Extracted information section start

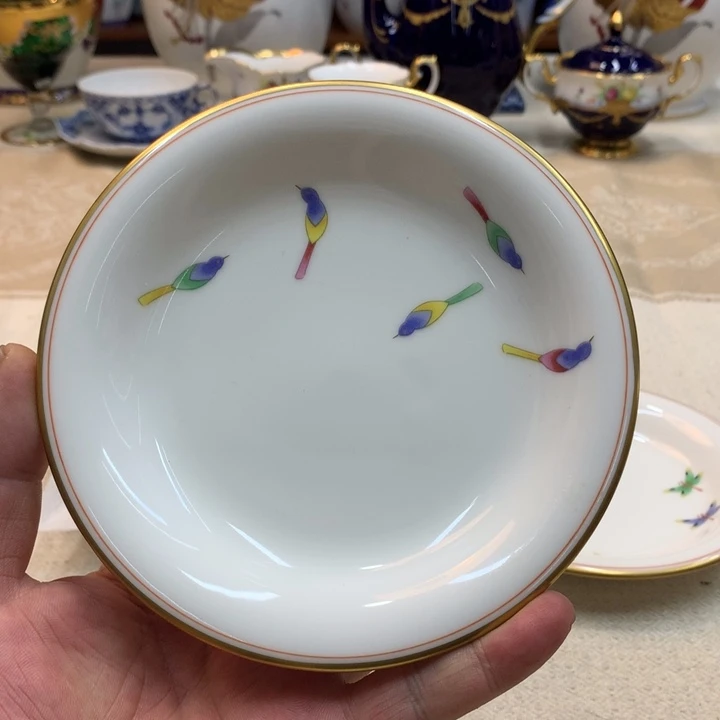 紫砂金瓷阁精品瓷器店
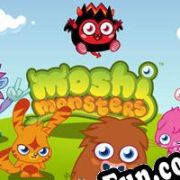 Moshi Monsters (2010/ENG/MULTI10/Pirate)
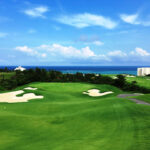 超贅沢！ゴルフコンペ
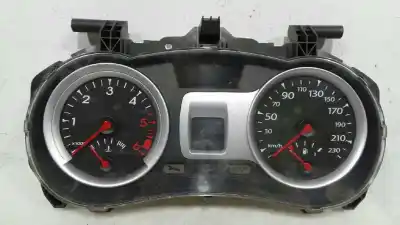 Peça sobressalente para automóvel em segunda mão quadrante por renault clio iii exception referências oem iam 8200821001d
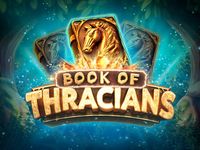 Book of Thracians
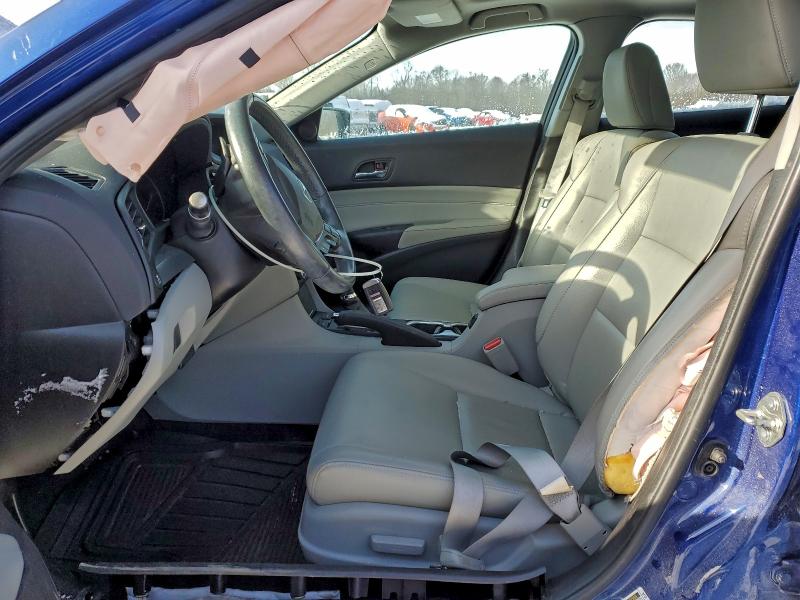 Продажа на аукционе авто 2017 Acura Ilx, vin: 19UDE2F30HA003519, номер лота: 96786415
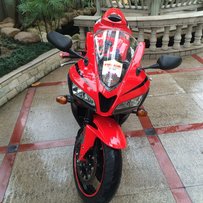07CBR600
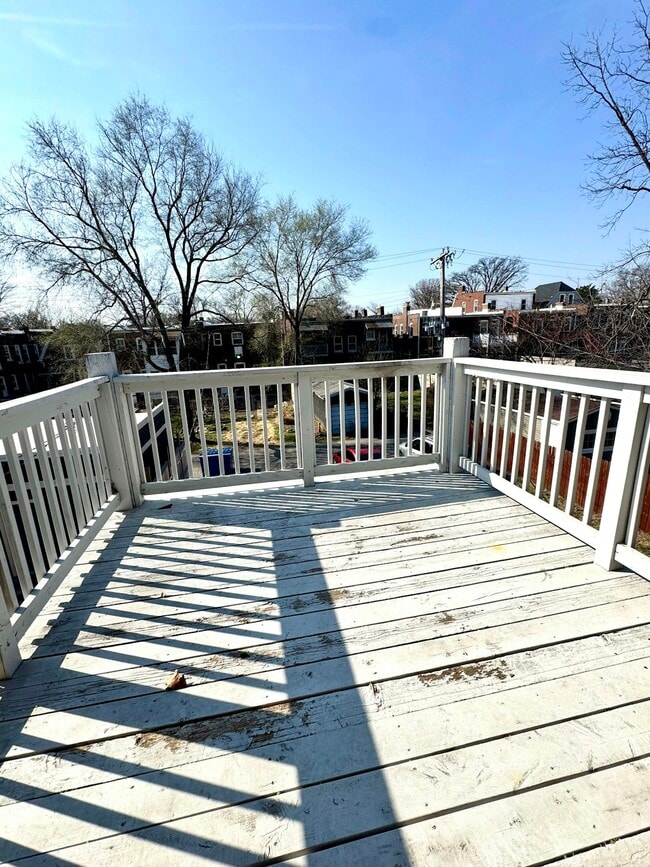 Building Photo - 4216-4218 Arsenal Street, Unit 4216A - 2nd Floor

Extracted information section end

**Task requirements**
Write out, exactly as they stand, the line with "Moshi Monsters (2010/ENG/MULTI10/Pirate)" and every line after it through the end of the entries above; omit the pictures.

**Answer space**
 Moshi Monsters (2010/ENG/MULTI10/Pirate)
 超贅沢！ゴルフコンペ
 Peça sobressalente para automóvel em segunda mão quadrante por renault clio iii exception referências oem iam 8200821001d
 Book of Thracians
 Продажа на аукционе авто 2017 Acura Ilx, vin: 19UDE2F30HA003519, номер лота: 96786415
07CBR600
 Building Photo - 4216-4218 Arsenal Street, Unit 4216A - 2nd Floor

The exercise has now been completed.